Information provided >>
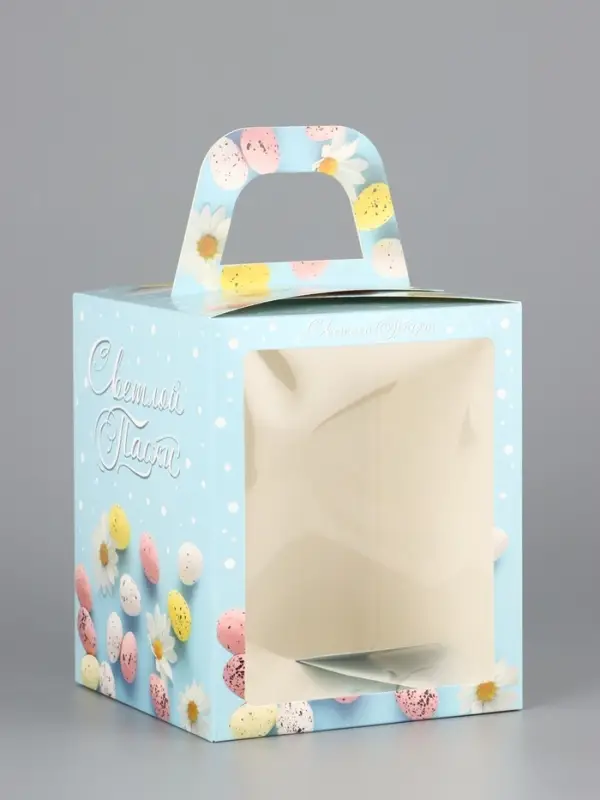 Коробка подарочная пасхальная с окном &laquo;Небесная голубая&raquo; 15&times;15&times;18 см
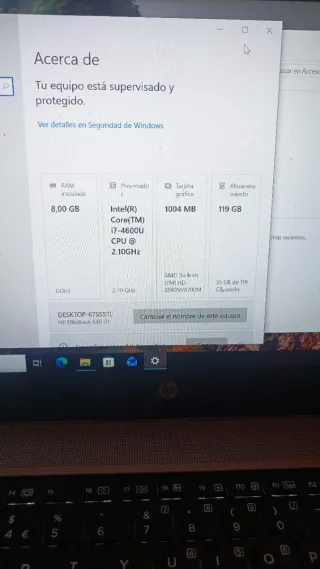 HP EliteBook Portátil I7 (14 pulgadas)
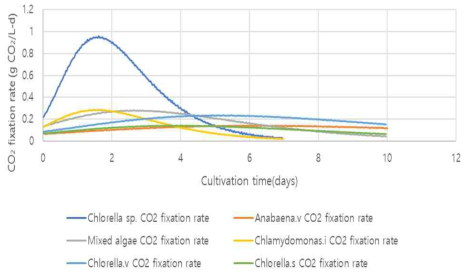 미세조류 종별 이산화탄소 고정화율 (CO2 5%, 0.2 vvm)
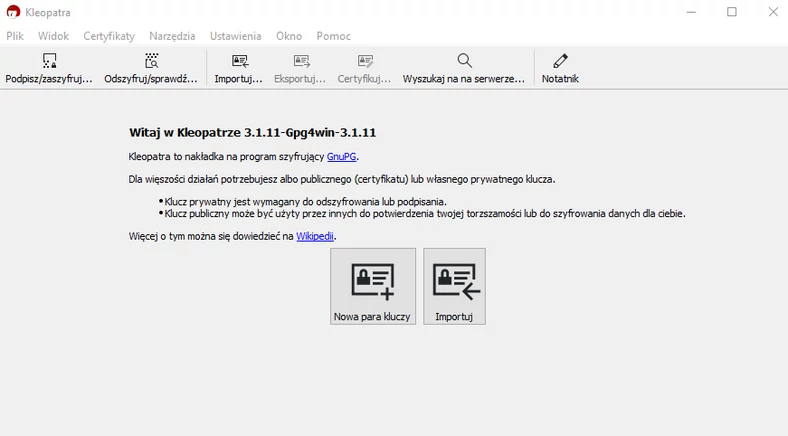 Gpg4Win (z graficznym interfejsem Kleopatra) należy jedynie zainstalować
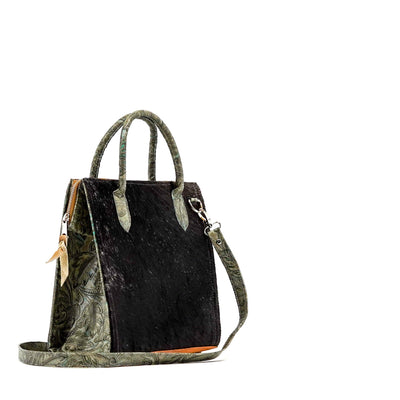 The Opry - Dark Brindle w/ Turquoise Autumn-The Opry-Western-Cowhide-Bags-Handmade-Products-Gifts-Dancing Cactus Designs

Assignment >> Only these lines belong in the answer: the first line of the listing above through the line holding "Gpg4Win (z graficznym", printed exactly and without pictures.

Response to the task >>
 Коробка подарочная пасхальная с окном &laquo;Небесная голубая&raquo; 15&times;15&times;18 см
 HP EliteBook Portátil I7 (14 pulgadas)
 미세조류 종별 이산화탄소 고정화율 (CO2 5%, 0.2 vvm)
 Gpg4Win (z graficznym interfejsem Kleopatra) należy jedynie zainstalować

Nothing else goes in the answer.